**What to produce:** Without including any images, repeat the listing below exactly.

··· Information provided

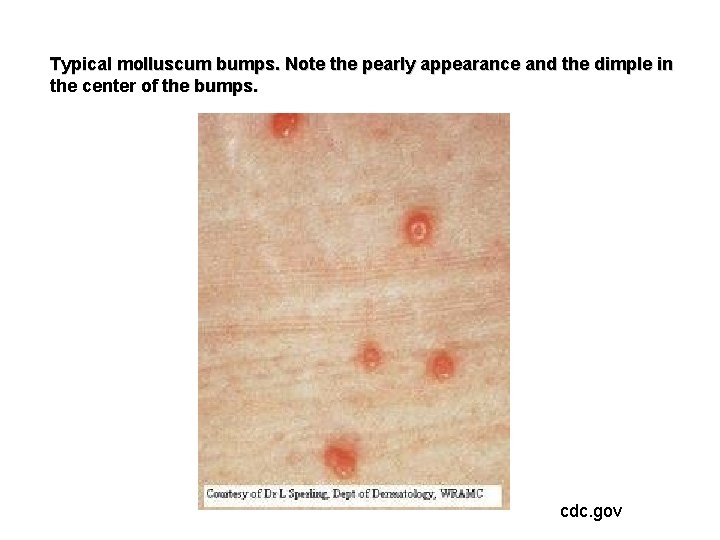 Typical molluscum bumps. Note the pearly appearance and the dimple in the center of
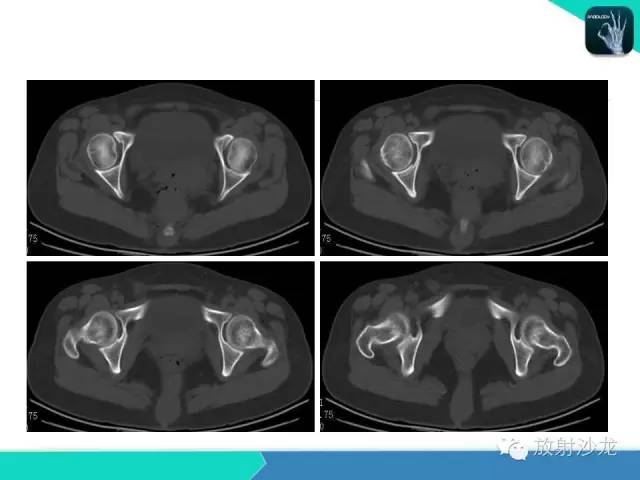 【病例】骶尾部表皮样囊肿1例CT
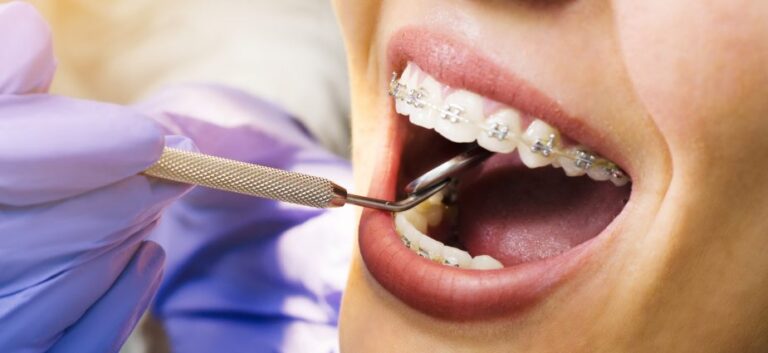 Why Tooth Removal Is Sometimes Required Before Braces and How the Process Works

······

**Final answer:**
 Typical molluscum bumps. Note the pearly appearance and the dimple in the center of
 【病例】骶尾部表皮样囊肿1例CT
 Why Tooth Removal Is Sometimes Required Before Braces and How the Process Works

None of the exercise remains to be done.